The corrected values, which provide estimates of the relationships between the proficiencies measured by the scores after removing measurement error, are, on average, about 0.15 higher than the observed values. However, the largest difference of 0.51 between the corrected and observed correlations involving the medical school’s Documentation and Data Gathering scores indicates that the observed correlation is low because of the unreliability of the measures. The corrected value of 0.86 is close to the corrected value of 0.79 for the correlation coefficient involving the corresponding scores within Step 2 for Documentation and Data Gathering.

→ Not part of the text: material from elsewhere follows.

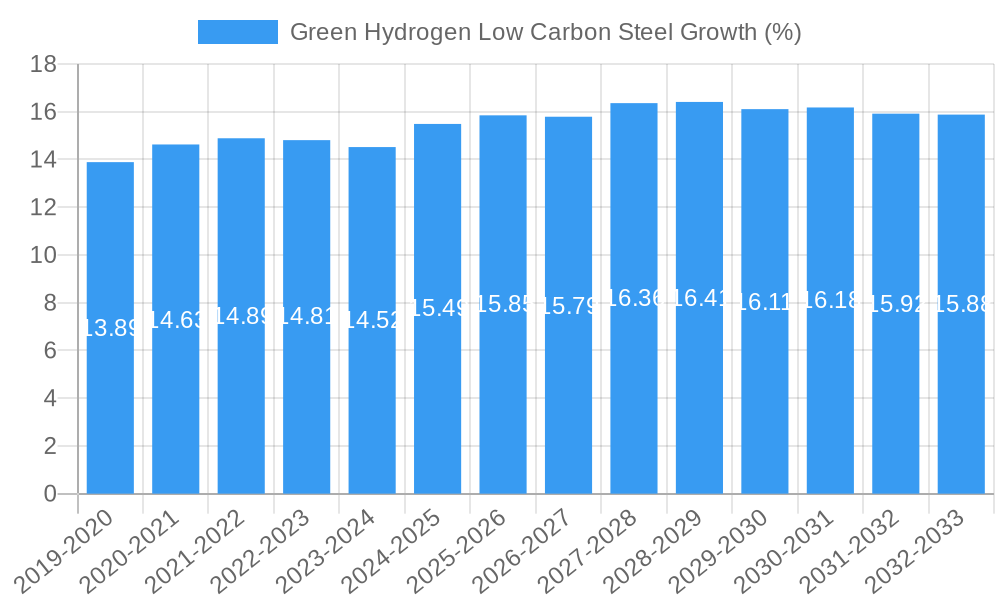 Green Hydrogen Low Carbon Steel Growth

The magnitude of the correlations across tests is relevant for assessing the redundancy of the national and school-based assessments. These correlations are also important for evaluating the extent to which the school’s test is useful in predicting performance on the licensing test. When evaluating the level of redundancy and the predictive value of the tests, it is also appropriate to look at the extent to which their scores classify examinees at the same level, especially around a pass/fail cutoff. In some instances, even scores with low correlations may be useful in identifying weak examinees. Inspection of the scatter plots for the three pairs of related scores on the two tests indicated that the two tests did not consistently identify the same examines as being weak.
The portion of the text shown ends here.